Thursday, October 15, 2015

Going Back In Time ... To 2012.

For the POTUS election, Obama vs Romney.

This is what a Yale College Democrat wrote after the election.
Throughout the course of the 2012 Election Cycle, the pundits continued to predict that student turnout would be lower than the 2008 election. They claimed that students were less involved, less excited, running on empty.

But on November 6th we proved them wrong. More than 1,500 Yale students turned out to the polls to vote, almost double the number of Yale students that voted in the 2010 midterm elections and even higher than the number of Yale students that voted in 2008.

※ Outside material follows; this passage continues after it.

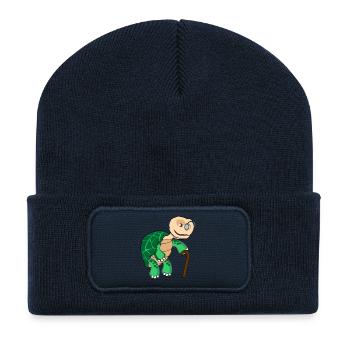 Slow turtle with glasses and walking stick - Recycled Patch Beanie - french navy - Front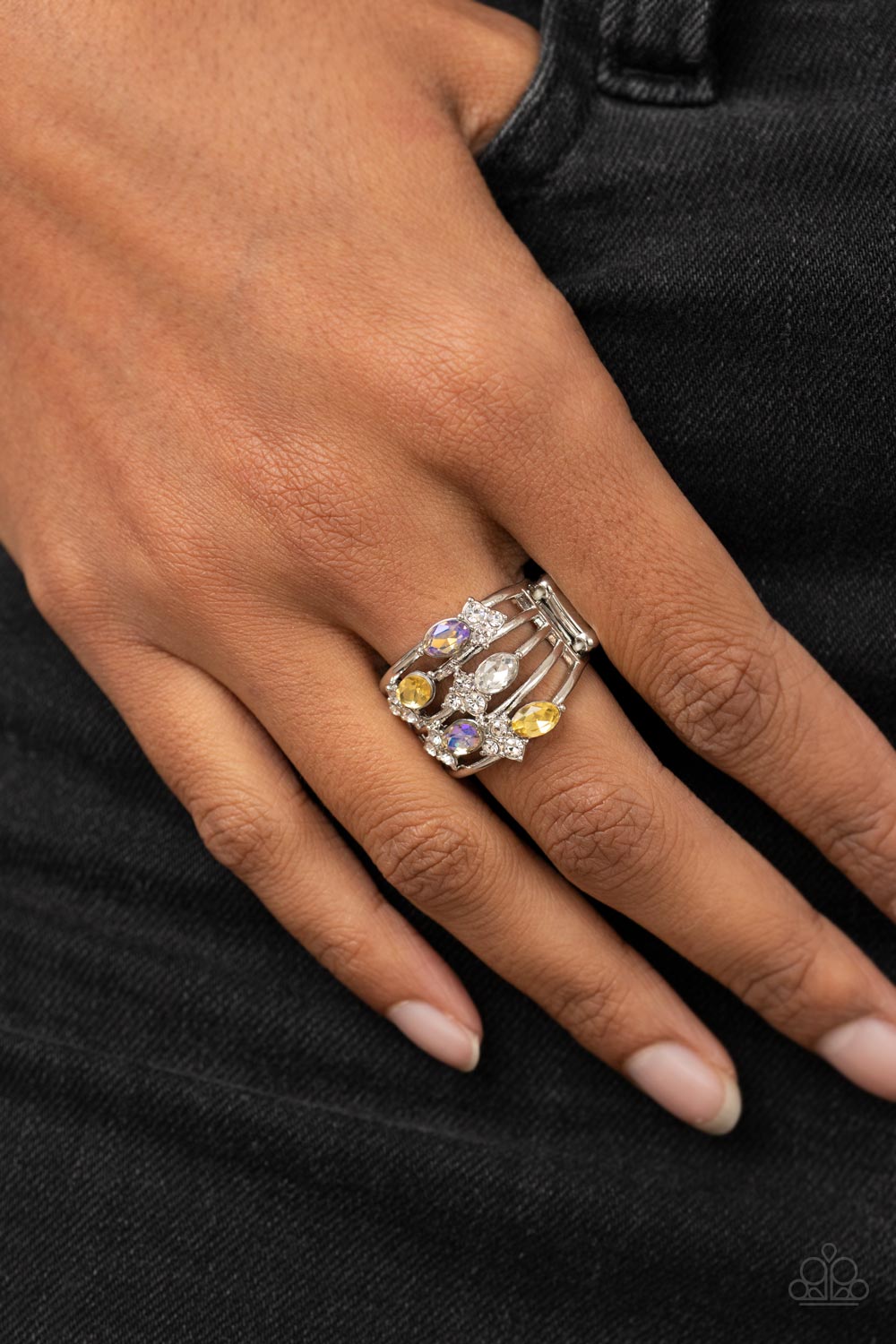 Ethereal Escapade - Yellow, Iridescent, And White Rhinestone Ring Paparazzi R0368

While the pundits may not have been expecting those numbers, what they failed to realize was that students had a lot at stake in this election. In the wake of the destruction of Hurricane Sandy, students had a choice between a candidate who recognized the devastation as a real effect of climate change and a candidate who turned climate change into a punch line at the Republican National Convention. Students had a choice between a candidate who affirmed the right of every citizen in this country to love whomever they choose and a candidate who would deny that right to millions of Americans. Students had a choice between a candidate who would work to protect student loans and a candidate who would tell the 55% of Yale students on financial aid to just borrow college money from their parents.

With choices like these, it’s not surprising that students made their voices heard at the polls. But more than just showing up to vote, students had also worked tirelessly to get out the vote. From the beginning of this semester, the Yale College Democrats, the Democratic Town Committees, and Students Unite Now worked together to register more than 500 voters. We canvassed in New Haven together, and the Dems canvassed around the state and out of the state in New Hampshire and Massachusetts. The Dems even traveled to Pennsylvania over Fall Break.

To those who said that we couldn’t or that we wouldn’t: we said “yes we can” and “yes we will.” To those who said we were less involved or less excited: the thousands of people who we talked to on the phone or at their doors would beg to differ. And to those who said we were running on empty: I can tell you that we are fired up and ready to go for four more years.
There's so much wrong in this that it's laughable. Yes, the writer is from Yale, one of the world's elite institutions for higher education, and this is what it produces.